Successful command execution.

Conclusion

In this article, we gave an overview of our Java suite of products, which are used to integrate instruments and data in laboratories. The products included an integration framework (Genera), a hybrid scheduler (Supra), and a Webenabled data tracking and visualization tool (DataPilot). We explained each of these applications in detail and showed how they can be used in the ELISA system.

One of the strengths of our tools is a formal method of system integration. The system integrator must define the instrument properties along with its available commands in XML before the instrument driver can be loaded into the Genera framework. If the XML file is not created properly, the framework will not load the corresponding instrument driver.
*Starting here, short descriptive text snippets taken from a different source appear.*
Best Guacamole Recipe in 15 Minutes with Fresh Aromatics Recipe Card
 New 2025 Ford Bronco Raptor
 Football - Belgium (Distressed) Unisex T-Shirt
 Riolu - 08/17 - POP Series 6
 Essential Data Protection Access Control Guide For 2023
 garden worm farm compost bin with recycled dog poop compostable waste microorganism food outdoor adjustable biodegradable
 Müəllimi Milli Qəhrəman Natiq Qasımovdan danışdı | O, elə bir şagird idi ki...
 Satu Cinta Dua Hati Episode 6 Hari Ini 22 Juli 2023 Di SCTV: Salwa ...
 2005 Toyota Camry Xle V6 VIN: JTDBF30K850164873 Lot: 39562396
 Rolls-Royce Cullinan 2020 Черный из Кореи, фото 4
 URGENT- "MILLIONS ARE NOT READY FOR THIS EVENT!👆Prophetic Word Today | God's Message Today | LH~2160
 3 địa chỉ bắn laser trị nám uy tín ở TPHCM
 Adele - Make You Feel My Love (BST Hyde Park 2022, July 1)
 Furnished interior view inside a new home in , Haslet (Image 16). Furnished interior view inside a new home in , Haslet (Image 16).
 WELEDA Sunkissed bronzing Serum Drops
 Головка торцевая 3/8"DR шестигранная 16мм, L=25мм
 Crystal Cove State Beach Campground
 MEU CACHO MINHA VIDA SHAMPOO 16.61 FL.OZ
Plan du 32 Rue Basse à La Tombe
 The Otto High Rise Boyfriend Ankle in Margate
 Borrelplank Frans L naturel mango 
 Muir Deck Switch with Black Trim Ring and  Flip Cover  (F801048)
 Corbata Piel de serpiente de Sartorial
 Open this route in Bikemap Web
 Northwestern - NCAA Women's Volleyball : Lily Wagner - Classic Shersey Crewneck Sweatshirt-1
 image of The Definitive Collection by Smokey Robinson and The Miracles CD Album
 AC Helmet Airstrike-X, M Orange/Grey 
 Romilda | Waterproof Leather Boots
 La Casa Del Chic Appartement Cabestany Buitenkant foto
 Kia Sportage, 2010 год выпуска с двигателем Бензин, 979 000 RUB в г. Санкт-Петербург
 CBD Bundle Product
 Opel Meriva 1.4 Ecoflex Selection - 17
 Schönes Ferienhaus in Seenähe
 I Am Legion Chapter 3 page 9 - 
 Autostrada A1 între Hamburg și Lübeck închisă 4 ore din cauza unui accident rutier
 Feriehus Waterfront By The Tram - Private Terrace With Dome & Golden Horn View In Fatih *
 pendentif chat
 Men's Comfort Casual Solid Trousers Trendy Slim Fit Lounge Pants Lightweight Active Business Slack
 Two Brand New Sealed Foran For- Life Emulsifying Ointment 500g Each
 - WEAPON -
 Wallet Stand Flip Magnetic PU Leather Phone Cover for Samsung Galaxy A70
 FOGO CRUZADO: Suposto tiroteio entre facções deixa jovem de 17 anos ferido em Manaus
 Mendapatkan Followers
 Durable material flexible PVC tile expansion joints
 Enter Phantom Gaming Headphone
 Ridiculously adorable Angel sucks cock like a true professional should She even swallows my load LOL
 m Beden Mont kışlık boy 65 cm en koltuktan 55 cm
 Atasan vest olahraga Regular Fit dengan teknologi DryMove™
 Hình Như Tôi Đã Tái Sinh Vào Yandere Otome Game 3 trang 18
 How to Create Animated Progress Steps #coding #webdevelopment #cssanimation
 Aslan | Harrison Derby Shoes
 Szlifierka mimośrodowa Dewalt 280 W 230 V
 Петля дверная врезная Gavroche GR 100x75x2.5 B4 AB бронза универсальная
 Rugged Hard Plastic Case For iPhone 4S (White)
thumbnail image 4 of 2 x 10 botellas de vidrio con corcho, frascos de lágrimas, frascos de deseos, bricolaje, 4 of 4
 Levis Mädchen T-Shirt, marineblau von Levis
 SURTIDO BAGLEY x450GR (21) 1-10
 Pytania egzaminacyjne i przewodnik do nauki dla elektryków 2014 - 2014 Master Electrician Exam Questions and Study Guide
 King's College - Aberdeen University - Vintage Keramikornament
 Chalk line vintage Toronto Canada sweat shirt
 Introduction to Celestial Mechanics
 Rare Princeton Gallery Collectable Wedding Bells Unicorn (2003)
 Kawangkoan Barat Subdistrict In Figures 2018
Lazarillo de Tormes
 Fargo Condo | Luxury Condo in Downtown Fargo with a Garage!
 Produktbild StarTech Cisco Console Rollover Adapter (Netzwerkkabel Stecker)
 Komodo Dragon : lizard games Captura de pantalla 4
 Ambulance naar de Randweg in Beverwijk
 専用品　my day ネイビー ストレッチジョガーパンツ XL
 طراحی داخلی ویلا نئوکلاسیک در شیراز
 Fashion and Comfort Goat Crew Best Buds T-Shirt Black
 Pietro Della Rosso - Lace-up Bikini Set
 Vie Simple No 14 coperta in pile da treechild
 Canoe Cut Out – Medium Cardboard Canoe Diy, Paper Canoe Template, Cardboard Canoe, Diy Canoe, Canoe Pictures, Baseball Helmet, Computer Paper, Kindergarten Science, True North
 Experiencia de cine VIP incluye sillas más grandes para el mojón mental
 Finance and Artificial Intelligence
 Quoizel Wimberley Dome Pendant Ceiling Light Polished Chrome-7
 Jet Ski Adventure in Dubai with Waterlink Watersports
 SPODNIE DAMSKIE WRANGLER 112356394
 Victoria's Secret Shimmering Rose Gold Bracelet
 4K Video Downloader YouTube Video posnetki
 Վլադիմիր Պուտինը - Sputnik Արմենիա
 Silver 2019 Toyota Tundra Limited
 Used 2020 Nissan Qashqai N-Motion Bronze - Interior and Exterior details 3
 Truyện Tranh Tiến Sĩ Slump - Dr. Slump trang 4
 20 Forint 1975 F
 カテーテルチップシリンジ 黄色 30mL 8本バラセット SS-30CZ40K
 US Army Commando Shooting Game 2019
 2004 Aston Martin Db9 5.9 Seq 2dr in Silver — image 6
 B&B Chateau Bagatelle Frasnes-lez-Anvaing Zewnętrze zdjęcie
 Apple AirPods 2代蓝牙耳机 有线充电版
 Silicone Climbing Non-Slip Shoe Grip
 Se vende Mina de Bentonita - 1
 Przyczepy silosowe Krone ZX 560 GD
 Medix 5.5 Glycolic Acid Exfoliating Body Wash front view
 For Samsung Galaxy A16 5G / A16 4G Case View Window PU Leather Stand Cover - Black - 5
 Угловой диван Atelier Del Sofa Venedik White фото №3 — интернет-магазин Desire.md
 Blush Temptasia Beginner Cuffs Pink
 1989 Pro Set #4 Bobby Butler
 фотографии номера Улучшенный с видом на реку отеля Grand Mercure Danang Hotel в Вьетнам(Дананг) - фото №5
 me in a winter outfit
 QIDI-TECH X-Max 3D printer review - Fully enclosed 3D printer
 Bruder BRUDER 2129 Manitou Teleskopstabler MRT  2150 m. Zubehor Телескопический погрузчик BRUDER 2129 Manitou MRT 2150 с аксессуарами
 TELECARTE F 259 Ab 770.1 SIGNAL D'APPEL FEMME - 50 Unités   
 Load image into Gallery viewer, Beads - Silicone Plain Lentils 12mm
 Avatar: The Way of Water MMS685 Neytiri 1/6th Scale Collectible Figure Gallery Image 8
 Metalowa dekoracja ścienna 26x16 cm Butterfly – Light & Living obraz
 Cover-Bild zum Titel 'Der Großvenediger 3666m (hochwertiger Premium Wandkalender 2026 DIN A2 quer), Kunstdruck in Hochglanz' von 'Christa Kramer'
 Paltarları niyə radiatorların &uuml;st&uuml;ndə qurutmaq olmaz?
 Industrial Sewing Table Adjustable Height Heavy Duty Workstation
Also, each instrument driver has a well-defined instrument interface. For the detailed description of instrument interfaces, please refer to the Genera Integration Guide. ¹

Because of the limited scheduling features within current integration frameworks, we developed a hybrid scheduler. Our DSL scheduling language provides a flexible and powerful way of controlling and scheduling automated system activities in which the user has a choice of selecting the appropriate scheduling algorithm.

We also presented the benefits and drawbacks of each scheduling approach hoping to clarify widely spread misconceptions about them. We hope that this article will benefit system integrators and end users who are looking for different integration and scheduling tools for their automated systems.